Le prunier acquiert, à quinze ou
vingt ans, sa force de production. Il peut conserver pendant une cinquantaine
d'années sa fertilité. Le fruit est d'ailleurs d'autant plus
beau que l'arbre est plus âgé et plus vigoureux. La récolte
se fait par un temps sec et chaud. Suivant l'usage auquel le fruit est
destiné, on le cueille plus ou moins mûr : très peu
mûr pour la prune à l'eau-de-vie, la prune à conserve
Appert, celle à glacer au sucre ; moyennement mûr pour la
prune de table; très mûr pour la prune à faire cuire
et le pruneau.
Variétés.
On estime à plus de trois cents
le nombre des variétés cultivées.
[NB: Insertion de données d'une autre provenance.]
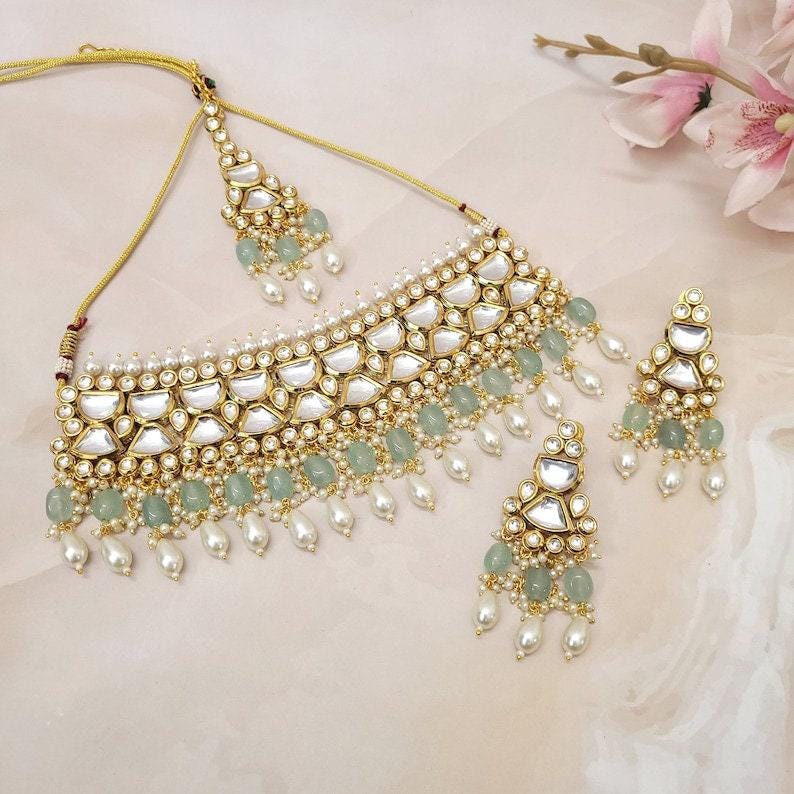 Puede incluir: Un juego de collar de oro con un dise&ntilde;o de piedras blancas y verdes. El collar tiene un estilo choker con un gran colgante y pendientes a juego. Las piedras est&aacute;n engastadas en un patr&oacute;n geom&eacute;trico y el collar est&aacute; adornado con perlas.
On distingue d'ailleurs
les prunes de dessert et les prunes de séchage.
Prunes
de dessert.
Destinées à être consommées
surtout à l'état frais, elles trouvent néanmoins aussi
leur emploi dans la confiserie, la pâtisserie, le séchage,
la cuisson. Les meilleures variétés, pour le jardin fruitier
et pour le verger, sont, d'après Ch. Baltet, dans leur ordre de
mérite-:
JARDIN
FRUITIER
(Variétés
en basse tige)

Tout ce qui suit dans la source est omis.